Records supplied |
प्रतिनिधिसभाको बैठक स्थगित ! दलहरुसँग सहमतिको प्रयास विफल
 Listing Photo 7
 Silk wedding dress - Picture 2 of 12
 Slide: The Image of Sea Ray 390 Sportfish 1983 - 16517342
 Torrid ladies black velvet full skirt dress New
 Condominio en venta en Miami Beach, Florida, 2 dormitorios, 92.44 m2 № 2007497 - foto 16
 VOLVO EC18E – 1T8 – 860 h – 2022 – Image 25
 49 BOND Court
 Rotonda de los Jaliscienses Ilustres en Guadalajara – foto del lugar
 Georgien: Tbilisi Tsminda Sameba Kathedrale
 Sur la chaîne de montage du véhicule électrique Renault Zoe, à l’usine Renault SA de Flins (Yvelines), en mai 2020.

What you are asked to do |
In the listing above, find the line containing "Georgien: Tbilisi Tsminda Sameba Kathedrale"; that line and every line after it, through the last, are to be retyped exactly.

Expected output |
 Georgien: Tbilisi Tsminda Sameba Kathedrale
 Sur la chaîne de montage du véhicule électrique Renault Zoe, à l’usine Renault SA de Flins (Yvelines), en mai 2020.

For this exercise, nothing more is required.